Listed on Panel 44 at La Touret Memorial, France

Bertie was born in 1890, the only son of Alfred G King and his wife Elizabeth (known as Kate) nee Aslett. They had a daughter Dorothy who was just a year old when Bertie made his appearance. The family lived in Newbury Street, Whitchurch and his Dad was a bricklayer. Kate gave birth to two more   daughters, Ethel in 1892 and Alice Daisy in 1893.

Sadly, within the following few years, baby Ethel perished and then both parents passed away, so the three children were separated and raised by various family members in Whitchurch.
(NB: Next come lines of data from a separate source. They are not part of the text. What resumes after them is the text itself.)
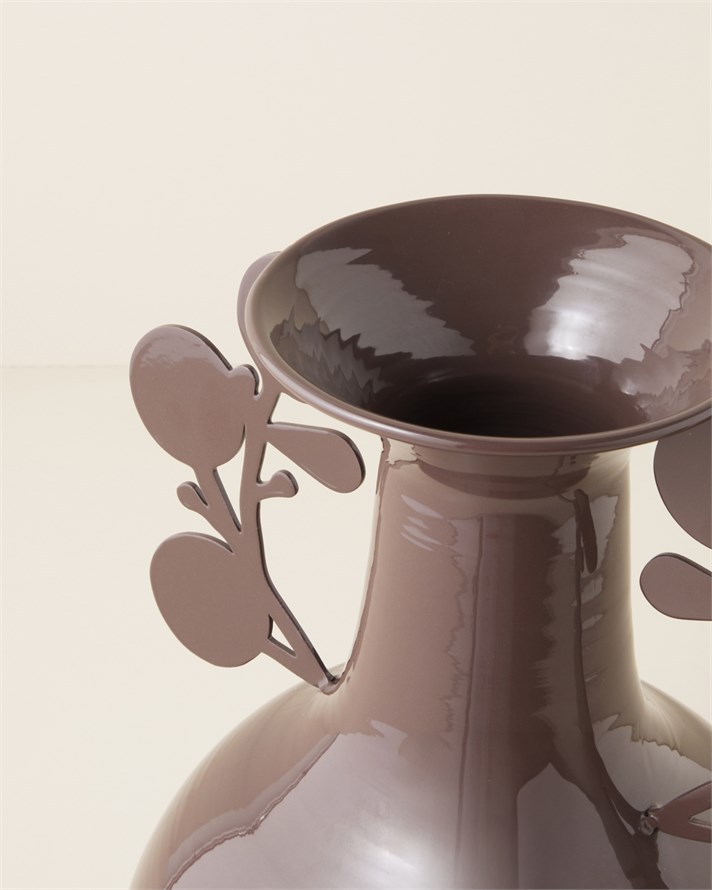 Savory Metal Vazo 38,5 cm Kahve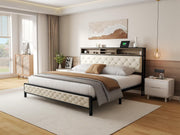 King Size Bed Frame, Platform Bed Frame with Charging Station, Upholstered Storage Headboard & Footboard Metal Slats Supports Mattress Foundation, No Box Spring Needed, Beige(No Drawers)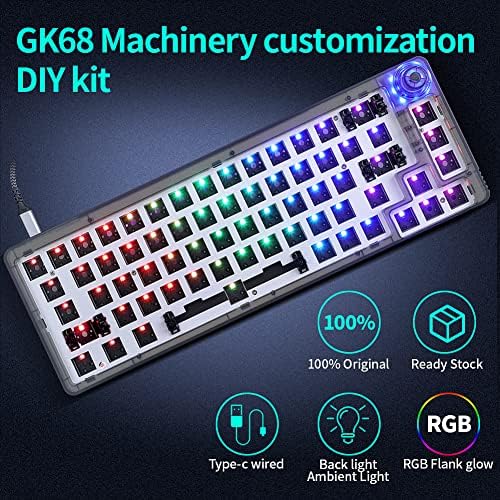 Gk68 RGB Hot-Swapable programabilna Razvodna kutija može se zamijeniti prekidačem DIY mehanički komplet tastature, podrška AKKO, Cherry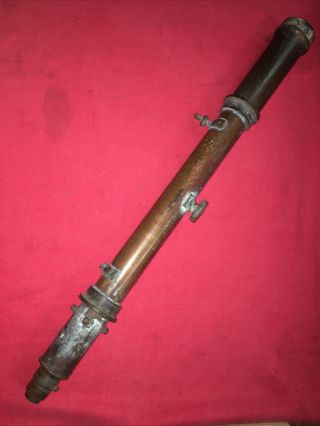 Antique Spotting Scope - Brass & Copper Adjustable 20 3/4 Inches Long 3 Pounds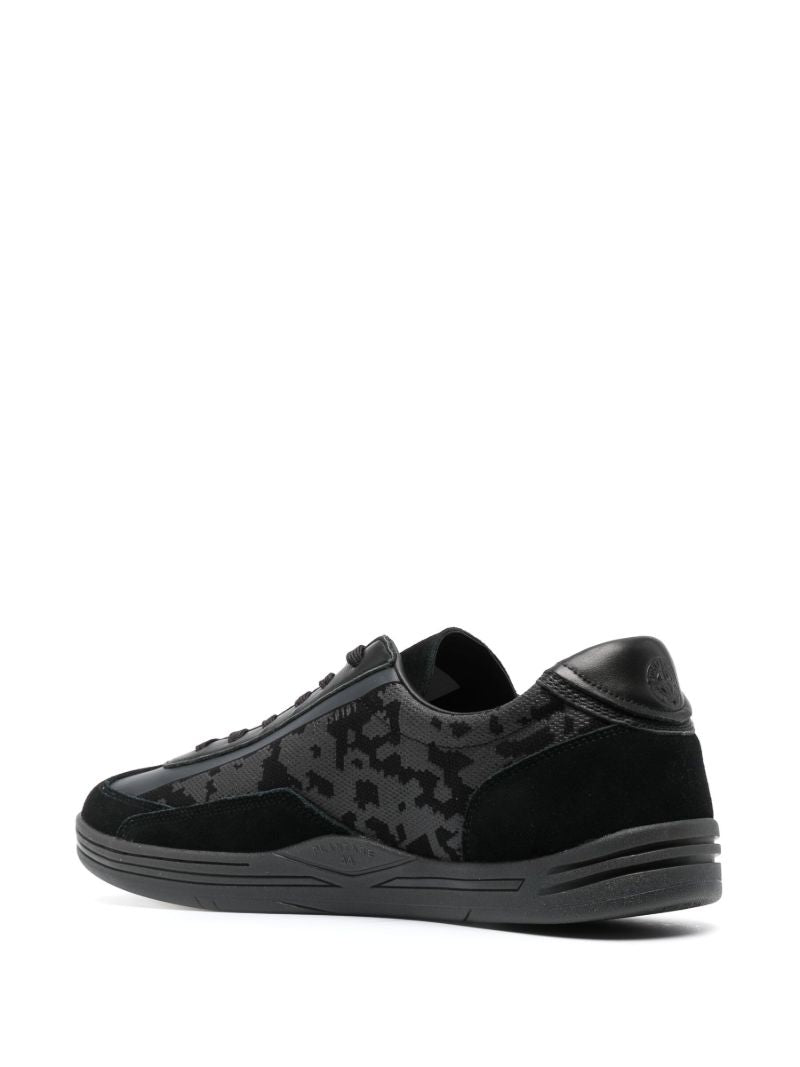 Black Glitch Effect Sneakers
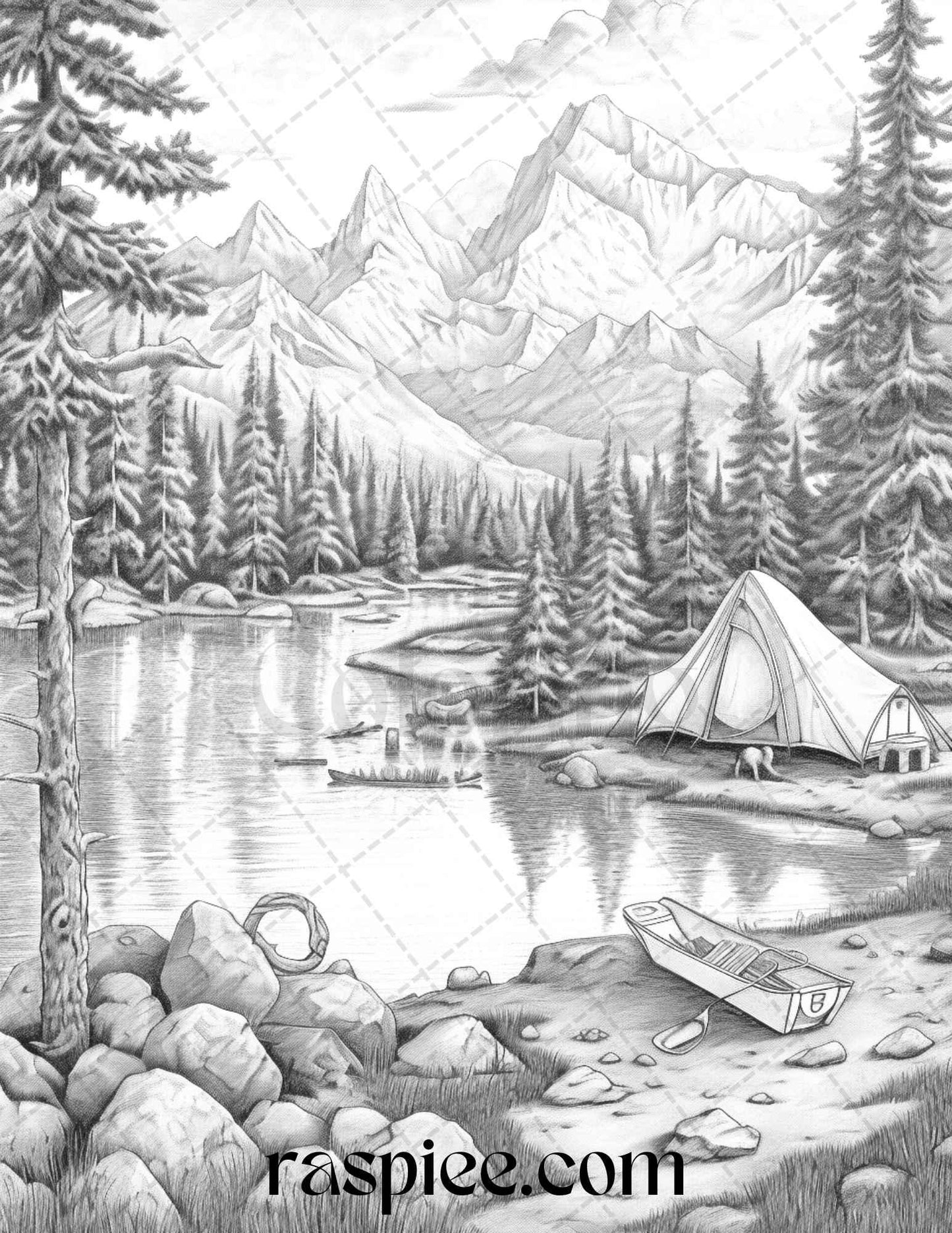 Nature Camping Grayscale Coloring Pages Printable, Relaxing Outdoor Scenes, PDF File Instant Download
Eleven-year-old Bertie lived with his paternal grandmother of 72, Emma King (who was a laundress), and his Uncle John, a bricklayer’s labourer, in Newbury Street. Both 13-year-old Dorothy (known as Dolly) and sister Alice Daisy (aged 7) were looked after by their maternal grandparents, George and Mary Aslett in London Street, along with their cousin Albert Edward Aslett, who was also 7 years old. So the siblings at least remained within easy walking distance of each other.

Granddad George worked on the watercress beds in what came to be a family tradition.As they grew up, the girls continued to live and work in Whitchurch, while Bertie began working at the watercress beds in Hurstbourne Priors, lodging with the Redman family in rooms, part of the house called Crystal Abbey, on the opposite side of the road in the 1911 census. (Was the name a joking reference to the Crystal Palace?)

At the onset of war Bertie went to Winchester where he enlisted as a rifleman in the 2nd Battalion. Rifle Brigade. His regiment took part in the Battle of Neuve Chapelle which began on the 10th March 1915 when he sustained fatal injuries.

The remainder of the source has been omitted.